The combination was associated with a higher incidence of all-grade adverse events compared with fulvestrant plus placebo, including diarrhea (86.4% vs 24.7%, respectively) and neutropenia (46% vs 4%, respectively). Patients in the abemaciclib-containing arm also reported increased rates of abdominal pain, anemia, leukopenia, decreased appetite, and vomiting. The most common grade 3 or 4 adverse events with the combination treatment versus fulvestrant were neutropenia (26.5% vs 1.7%, respectively) and diarrhea (13.4% vs 0.4%).
Diarrhea occurred early in the treatment course, predominantly during the first treatment cycle, and appeared to be related to the dose of abemaciclib. Once the abemaciclib dose was reduced, severe diarrhea was rare.
Adverse events led to dose reduction in 42.9% of patients in the combination arm versus 1.3% in the fulvestrant plus placebo arm; the study drug was discontinued because of adverse events in 15.9% and in 3.1% of patients, respectively.
Based on these positive results in patients with advanced breast cancer, a phase 3 clinical trial of abemaciclib and endocrine therapy is planned for the adjuvant setting.
Which CDK4/CDK6 Inhibitor to Use?
Abemaciclib joins palbociclib (Ibrance) and ribociclib (Kisqali) as CDK4/CDK6 inhibitors that demonstrate a PFS advantage in patients with HR-positive, HER2-negative advanced breast cancer when combined with endocrine therapy.
CDK4/CDK6 inhibitors will most likely not have a role as monotherapy, said Ingrid Mayer, MD, Associate Professor of Medicine, Division of Hematology/Oncology, Vanderbilt University Medical Center, Nashville, TN, who discussed the study results.
Clinicians should select therapy based on 2 scenarios, using data from the MONARCH-2 clinical trial and from phase 3 studies of palbociclib and ribociclib, advised Dr Mayer. The first scenario is second-line treatment with a CDK4/CDK6 inhibitor plus fulvestrant in patients with a long disease-free interval (ie, approximately 15 months) after developing acquired resistance to first-line endocrine therapy.
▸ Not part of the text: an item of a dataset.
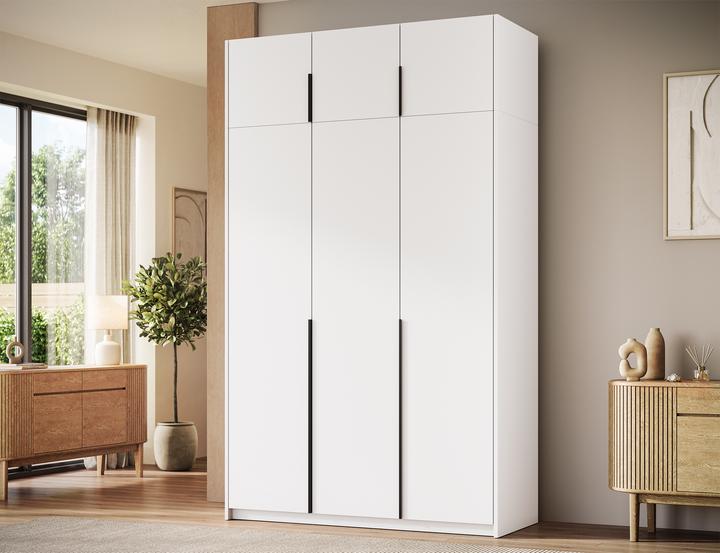 Produktbild ADRK Furniture Bregma III Drehtürenschrank mit Aufsatz (148 x 58 x 250 cm)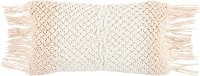 White and Natural Woven Rectangular Throw Pillow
The second scenario involves patients with primary estrogen therapy resistance; for these patients she suggests combination therapy with a CDK4/CDK6 inhibitor plus an aromatase inhibitor as a first-line option, followed by fulvestrant as a second-line option.
The hope is that longer-term follow-up will show an overall survival benefit, but that has not happened yet.